There are three key groups of printing techniques: Relief, Intaglio and Planographic.

Relief Techniques

A relief image is printed from the portion of a block of rigid material that remains above areas which are cut out, or from materials added to a flat surface. Printing is done either by rubbing the back side of a piece of paper placed on the inked surface of the block, or by running both paper and block through a press.

Woodcut
In this process, dating back to medieval times, the artist draws a design directly on a flat block of wood (usually cut on the side grain). Using a gouge or sharp knife, the cutter (sometimes but not necessarily the artist) then cuts away everything but the lines and areas of the image. The design, which is to be inked and printed thus, stands in relief. Woodcut flourished in the sixteenth century when it was commonly employed for book illustration and embellishment.

Chiaroscuro Woodcut
A chiaroscuro woodcut is a colour woodcut with a different block for each colour, suggesting the effect of a tonal drawing.

Wood Engraving
A relief print made from a plank of wood cut on the end grain and hard enough to permit greater fineness and complexity of execution than found in a woodcut. In a wood engraving, it is often the drawing on the block, rather than the surrounding areas of wood, which is cut away and scooped out. When the block is inked and printed, its surface, rather than that of the engraved design, touches the paper and transfers ink to the sheet, producing white lines on a black background. Wood engraving was widely used in the nineteenth century for book and magazine illustrations.

Relief Etching
A name sometimes given to a print from a metal plate produced by etching away all but the design. The artist executes a design on the plate with an acid resisting varnish. The plate is then put in an acid bath until enough of the exposed parts are eaten away to bring out the design in relief. The plate is then printed like a woodcut.

Intaglio Techniques

The image, in intaglio printing, is produced by grooves and any other altered areas below the surface of a metal plate. Copper and zinc are the usual materials for the plates. Ink introduced into the grooves and cleaned from the original surface of the plate will print when plate and dampened paper are run through a press under extreme pressure. Normally the plate is smaller than the paper and its impression, called the platemark, remains on the paper. When a limited edition of impressions has been printed, the plate is usually cancelled by being defaced with cross-hatching to ensure it cannot be reprinted.

Engraving
A sharply pointed instrument called a burin or graver is pushed into the plate to execute the design. Acting like a plough moving into the earth, the burin forces metal shavings to either side of the furrowed lines. Usually these shavings, called burr, are scraped from the plate before printing. An engraved line can be distinguished by the fact that it tends to swell towards its middle and taper to a fine point at both ends. It has a sharp clean appearance.

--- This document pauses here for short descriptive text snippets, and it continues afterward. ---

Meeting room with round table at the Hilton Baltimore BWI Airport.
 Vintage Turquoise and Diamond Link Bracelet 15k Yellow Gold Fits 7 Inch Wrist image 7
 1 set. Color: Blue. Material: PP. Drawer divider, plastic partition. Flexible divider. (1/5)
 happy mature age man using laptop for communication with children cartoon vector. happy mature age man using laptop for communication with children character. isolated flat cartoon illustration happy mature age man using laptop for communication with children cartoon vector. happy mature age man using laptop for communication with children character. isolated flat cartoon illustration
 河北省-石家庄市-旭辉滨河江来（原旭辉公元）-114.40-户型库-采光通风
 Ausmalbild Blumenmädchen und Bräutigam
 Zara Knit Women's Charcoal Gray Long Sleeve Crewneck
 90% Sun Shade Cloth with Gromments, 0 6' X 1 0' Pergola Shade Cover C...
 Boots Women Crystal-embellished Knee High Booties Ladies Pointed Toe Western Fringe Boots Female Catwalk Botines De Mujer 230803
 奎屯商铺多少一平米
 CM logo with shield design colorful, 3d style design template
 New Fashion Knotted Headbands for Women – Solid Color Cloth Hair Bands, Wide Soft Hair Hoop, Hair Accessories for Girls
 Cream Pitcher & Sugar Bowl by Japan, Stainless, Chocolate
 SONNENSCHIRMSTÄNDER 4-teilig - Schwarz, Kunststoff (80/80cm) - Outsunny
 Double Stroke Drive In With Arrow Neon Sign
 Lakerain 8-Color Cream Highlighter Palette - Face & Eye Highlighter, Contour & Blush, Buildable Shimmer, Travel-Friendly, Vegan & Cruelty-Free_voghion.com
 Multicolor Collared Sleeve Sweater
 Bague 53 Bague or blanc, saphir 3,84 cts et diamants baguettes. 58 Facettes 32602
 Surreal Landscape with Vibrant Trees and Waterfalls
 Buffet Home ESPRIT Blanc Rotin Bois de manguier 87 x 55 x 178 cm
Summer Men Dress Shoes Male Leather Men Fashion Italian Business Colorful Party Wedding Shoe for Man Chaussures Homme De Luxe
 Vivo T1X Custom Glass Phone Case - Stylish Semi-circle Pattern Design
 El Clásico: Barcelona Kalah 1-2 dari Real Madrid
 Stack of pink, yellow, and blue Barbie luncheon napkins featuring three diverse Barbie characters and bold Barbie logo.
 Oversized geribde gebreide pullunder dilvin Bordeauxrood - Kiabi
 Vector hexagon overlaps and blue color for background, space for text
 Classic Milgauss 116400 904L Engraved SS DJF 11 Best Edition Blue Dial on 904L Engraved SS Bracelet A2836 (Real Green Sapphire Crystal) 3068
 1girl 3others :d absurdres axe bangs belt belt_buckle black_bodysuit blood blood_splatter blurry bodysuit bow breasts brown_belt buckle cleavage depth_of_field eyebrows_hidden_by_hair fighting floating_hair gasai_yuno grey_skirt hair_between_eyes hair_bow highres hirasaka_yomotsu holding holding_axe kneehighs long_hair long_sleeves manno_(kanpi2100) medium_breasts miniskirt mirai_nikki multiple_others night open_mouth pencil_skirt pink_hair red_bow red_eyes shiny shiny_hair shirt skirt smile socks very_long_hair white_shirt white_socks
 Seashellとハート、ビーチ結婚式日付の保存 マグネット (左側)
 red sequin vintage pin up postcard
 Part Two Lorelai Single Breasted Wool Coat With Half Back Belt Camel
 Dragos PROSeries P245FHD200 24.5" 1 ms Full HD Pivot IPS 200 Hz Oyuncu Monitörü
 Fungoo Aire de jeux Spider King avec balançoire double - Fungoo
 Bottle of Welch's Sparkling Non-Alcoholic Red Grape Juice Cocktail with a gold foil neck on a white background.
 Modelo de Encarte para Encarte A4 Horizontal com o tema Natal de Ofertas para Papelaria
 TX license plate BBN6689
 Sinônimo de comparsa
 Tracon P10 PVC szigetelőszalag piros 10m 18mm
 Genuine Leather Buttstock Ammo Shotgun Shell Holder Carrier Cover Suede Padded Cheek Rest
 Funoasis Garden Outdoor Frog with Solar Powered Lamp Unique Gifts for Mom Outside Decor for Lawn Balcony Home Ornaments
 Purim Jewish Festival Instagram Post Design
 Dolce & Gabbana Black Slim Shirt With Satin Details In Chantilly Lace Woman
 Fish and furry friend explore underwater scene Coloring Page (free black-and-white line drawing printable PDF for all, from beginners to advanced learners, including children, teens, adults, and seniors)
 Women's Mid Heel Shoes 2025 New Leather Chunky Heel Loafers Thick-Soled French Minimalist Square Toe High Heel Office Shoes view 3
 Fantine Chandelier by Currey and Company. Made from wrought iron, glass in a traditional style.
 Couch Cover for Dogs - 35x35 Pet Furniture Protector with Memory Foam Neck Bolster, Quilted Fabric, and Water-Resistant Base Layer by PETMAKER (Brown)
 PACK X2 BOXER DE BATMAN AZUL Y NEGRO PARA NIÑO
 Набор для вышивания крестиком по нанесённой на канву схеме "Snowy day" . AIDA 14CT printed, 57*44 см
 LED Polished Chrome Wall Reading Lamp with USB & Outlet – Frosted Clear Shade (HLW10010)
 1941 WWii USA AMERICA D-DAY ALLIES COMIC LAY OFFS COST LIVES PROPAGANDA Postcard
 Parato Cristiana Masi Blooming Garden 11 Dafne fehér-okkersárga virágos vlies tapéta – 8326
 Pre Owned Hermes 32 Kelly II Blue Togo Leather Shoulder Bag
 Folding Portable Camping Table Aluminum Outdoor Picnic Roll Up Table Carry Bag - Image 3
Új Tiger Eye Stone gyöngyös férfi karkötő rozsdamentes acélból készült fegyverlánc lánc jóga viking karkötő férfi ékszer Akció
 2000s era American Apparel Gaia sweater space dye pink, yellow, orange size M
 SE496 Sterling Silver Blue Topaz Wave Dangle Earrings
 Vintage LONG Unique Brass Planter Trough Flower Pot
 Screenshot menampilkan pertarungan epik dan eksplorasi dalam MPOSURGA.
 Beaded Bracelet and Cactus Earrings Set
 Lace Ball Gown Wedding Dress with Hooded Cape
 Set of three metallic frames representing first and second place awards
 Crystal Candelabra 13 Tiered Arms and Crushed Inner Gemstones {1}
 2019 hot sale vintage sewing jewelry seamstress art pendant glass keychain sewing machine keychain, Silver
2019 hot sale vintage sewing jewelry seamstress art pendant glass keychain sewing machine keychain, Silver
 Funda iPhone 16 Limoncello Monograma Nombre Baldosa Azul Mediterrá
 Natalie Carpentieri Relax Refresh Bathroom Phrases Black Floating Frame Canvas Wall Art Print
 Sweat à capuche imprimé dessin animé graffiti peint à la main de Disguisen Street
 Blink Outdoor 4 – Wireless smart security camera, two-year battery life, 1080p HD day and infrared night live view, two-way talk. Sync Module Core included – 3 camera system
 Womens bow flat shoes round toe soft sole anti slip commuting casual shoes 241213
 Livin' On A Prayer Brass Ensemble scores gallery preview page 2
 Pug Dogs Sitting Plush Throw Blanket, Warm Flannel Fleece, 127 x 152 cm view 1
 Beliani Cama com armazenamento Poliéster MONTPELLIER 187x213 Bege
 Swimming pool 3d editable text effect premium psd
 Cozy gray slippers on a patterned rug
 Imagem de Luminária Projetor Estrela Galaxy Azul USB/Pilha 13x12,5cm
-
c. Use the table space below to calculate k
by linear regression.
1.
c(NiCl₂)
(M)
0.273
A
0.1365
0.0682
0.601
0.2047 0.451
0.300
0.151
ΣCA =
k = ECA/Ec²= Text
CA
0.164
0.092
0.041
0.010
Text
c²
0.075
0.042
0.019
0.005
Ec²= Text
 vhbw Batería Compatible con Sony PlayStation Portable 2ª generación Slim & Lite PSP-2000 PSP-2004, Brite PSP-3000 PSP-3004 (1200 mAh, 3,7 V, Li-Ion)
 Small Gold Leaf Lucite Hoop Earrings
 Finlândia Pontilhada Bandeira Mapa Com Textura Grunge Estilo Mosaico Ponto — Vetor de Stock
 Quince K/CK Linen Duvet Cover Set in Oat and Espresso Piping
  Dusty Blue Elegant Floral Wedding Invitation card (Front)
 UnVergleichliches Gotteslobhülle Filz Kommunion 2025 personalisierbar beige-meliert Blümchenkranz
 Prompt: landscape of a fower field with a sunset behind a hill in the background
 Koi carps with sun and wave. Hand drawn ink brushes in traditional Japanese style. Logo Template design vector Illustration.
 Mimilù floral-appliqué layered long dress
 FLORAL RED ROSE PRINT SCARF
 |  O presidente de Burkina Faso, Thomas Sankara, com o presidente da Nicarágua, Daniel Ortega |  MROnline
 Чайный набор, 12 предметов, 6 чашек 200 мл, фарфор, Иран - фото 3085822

Copper was the usual material of the plate until the early nineteenth century, producing several hundred impressions of an image with varying degrees of clarity. After 1821, with the introduction of steel plates, many more high quality impressions were possible due to the durability of the material. Steel engravings became common in both illustrations and larger artistic reproductions of paintings.

Drypoint
The image is scratched out of the copper surface with a very finely pointed instrument, which creates a heavily burred line. The line is shallower than the engraved line but its burr is more distinct. The burr is not scraped away. It catches ink and, when printed, creates lines of velvety richness. Because the burr wears down quickly, only a very limited number of good impressions can be pulled.

Etching
The plate is first covered with an acid-resistant substance, usually wax. The artist then takes a finely pointed needle and draws the design through the wax, but does not cut into the metal surface. The plate is then immersed in an acid bath. The acid eats (or bites) into the plate only in those areas not protected by the wax. The length of time the plate remains in the acid bath determines the depth of the etched lines. These lines tend to be even in width throughout their length. Unlike engraved lines, they do not taper but are rather square at the ends. Since the artist can draw freely in the resinous ground, the etched line had a more spontaneous quality than the engraved line, which is harder and more precise in appearance.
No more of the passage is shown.